By using a laboratory ultrasonicator in combination with a flow cell reactor, you can process larger sample volumes without much personal labour. Using an ultrasonic flow cell setup, the liquid is pumped into the ultrasonic reactor made of stainless steel or glass. In the flow cell, the liquid or slurry is exposed to a precisely adjustable sonication. All material passes the cavitational hot-spot zone beneath the sonotrode and undergoes an even ultrasonic treatment. After the passage through the cavitation zone, the liquid reaches the outlet of the flow cell. Depending on the process, ultrasonic flow-through treatment can be run as single or multiple pass treatment. In order to maintain a certain beneficial process temperature, e.g. to prevent degradation of heat-sensitive material during sonication, the flow cell reactors are jacketed to improve heat dissipation.
From small to large volumes: Process results can be linearly scaled up from smaller volumes processed on lab and bench-top level to very large throughputs on industrial production scale. Hielscher ultrasonicators are available for any volumes from microlitres to gallons.
Hielscher flow cells are completely autoclavable and suitable for the use with most chemicals.
Ultrasonic Lab Devices and Flow Cells
Below, you can find our ultrasonic lab devices with the matching flow cells and sonotrodes
UP400ST (24kHz, 400W):
The sonotrodes S24d14D, S24d22D, and S24d22L2D come with an O-ring sealing. The sonotrode types S24d14D and S24d22D are compatible with the flow cell FC22K (stainless steel, with cooling jacket).
UP200ST (26kHz, 200W) / UP200HT (26kHz, 200W):
The sonotrodes S24d2D and S24d7D are equipped with an O-ring sealing and are compatible with the flow cell FC7K (stainless steel, with cooling jacket) and FC7GK (glass flow cell, with cooling jacket).
UP50H (30kHz, 50W) / UP100H (30kHz, 100W):
For both the UP50H and UP100H, the same sonotrode and flow cell models can be used. The sonotrodes MS7 and MS7L2 feature a seal that makes them suitable for the use with the flow cells D7K (stainless steel) and GD7K (glass flow cell, with cooling jacket).
How To Optimize Operating Conditions In Ultrasonic Flow Cells
Hielscher Ultrasonics offers you variety of ultrasonic flow cells and sonochemical reactors. The flow cell design (i.e., geometry and size of the flow cell) and sonotrode should be chosen in accordance with the liquid or slurry and the targeted process results.
The table below displays the most important parameters, which influence the ultrasound conditions in the flow cell.

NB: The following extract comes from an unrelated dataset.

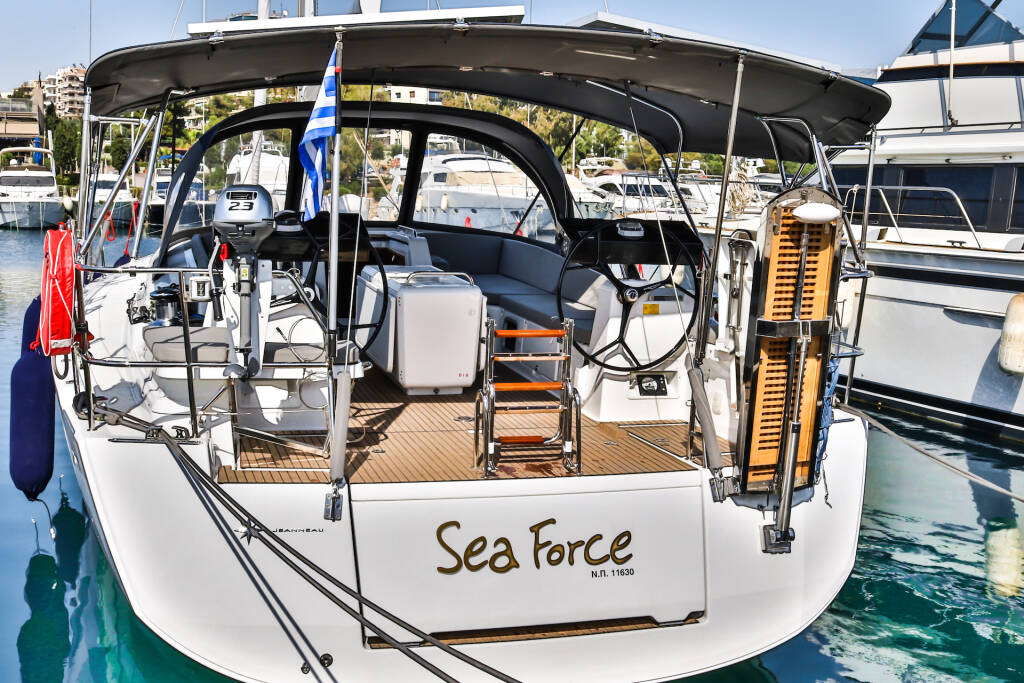 Sailing yacht Jeanneau 54 Sea Force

- Temperature: Flow cells with cooling jackets help to maintain the desired processing temperature. High temperatures near the specific boiling point of the fluid result in decreased cavitation intensity since the liquid density is lowering.
- Pressure: Pressure is a cavitation intensifying parameter. Pressurizing the ultrasonic flow cell results in an increased fluid density and thereby increased acoustic cavitation. Hielscher lab flow cells can be pressurized with up to 1 barg, whilst to Hielscher industrial flow cells and reactors up to 300atm (approx. 300 barg) can be applied.

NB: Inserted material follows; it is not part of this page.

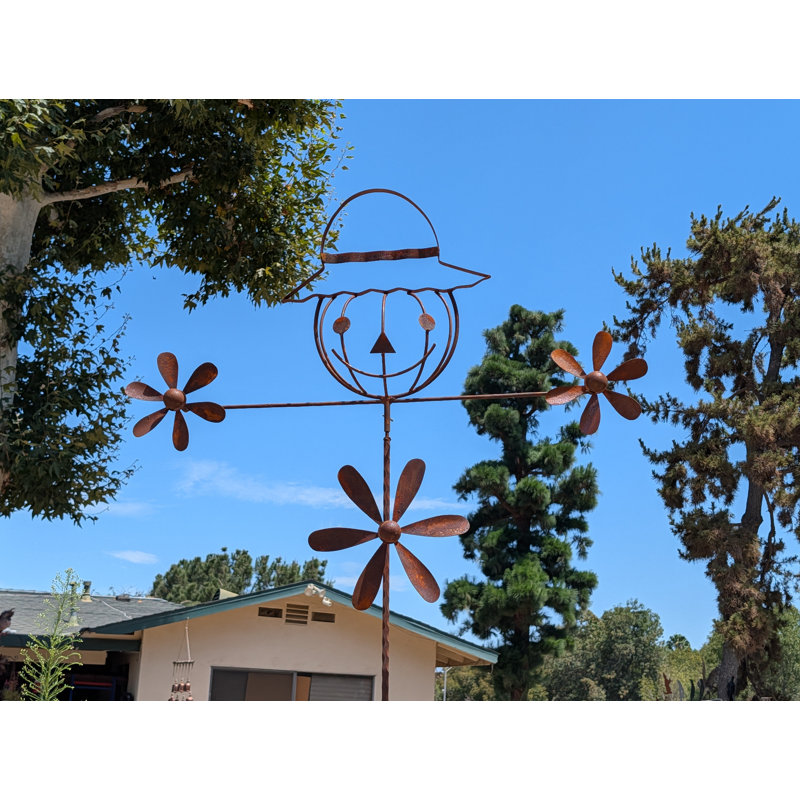 Spinner de jardin Scrawman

- Viscosity of the liquid: The viscosity of a liquid is an important factor, when it comes to an ultrasonic in-line setup. Small lab flow cells are preferably to be used with low viscous media, whilst Hielscher industrial flow cells are suitable for low to high viscous materials including pastes.

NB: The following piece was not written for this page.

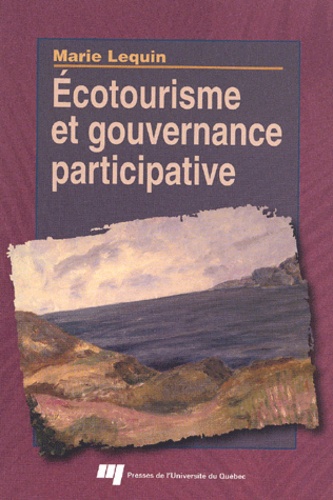 Marie Lequin - Ecotourisme et gouvernance participative.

- Composition of the liquid: The effects of the liquid’s viscosity has been described above. If the liquid processed does not contain solids, pumping and feeding is simple and flow properties are predictable. When it comes to slurries containing solids such as particles and fibres, the flow cell shape must be chosen considering particle size or fibre length. The right flow cell geometry facilitates the flow of solid-loaded fluids and ensures homogeneous sonication.
- Dissolved gases: Liquids fed into an ultrasonic flow cell should not contain high amounts of dissolved gases since gas bubbles interfere with the generation of acoustic cavitation and its characteristic vacuum bubbles.
Hielscher Ultrasonics homogenizers, sonotrodes and flow cells are available in various designs in order to assemble the ideal ultrasonic processing setup. Our well-experienced staff will consult in regards of optimum equipment configuration for your process goals!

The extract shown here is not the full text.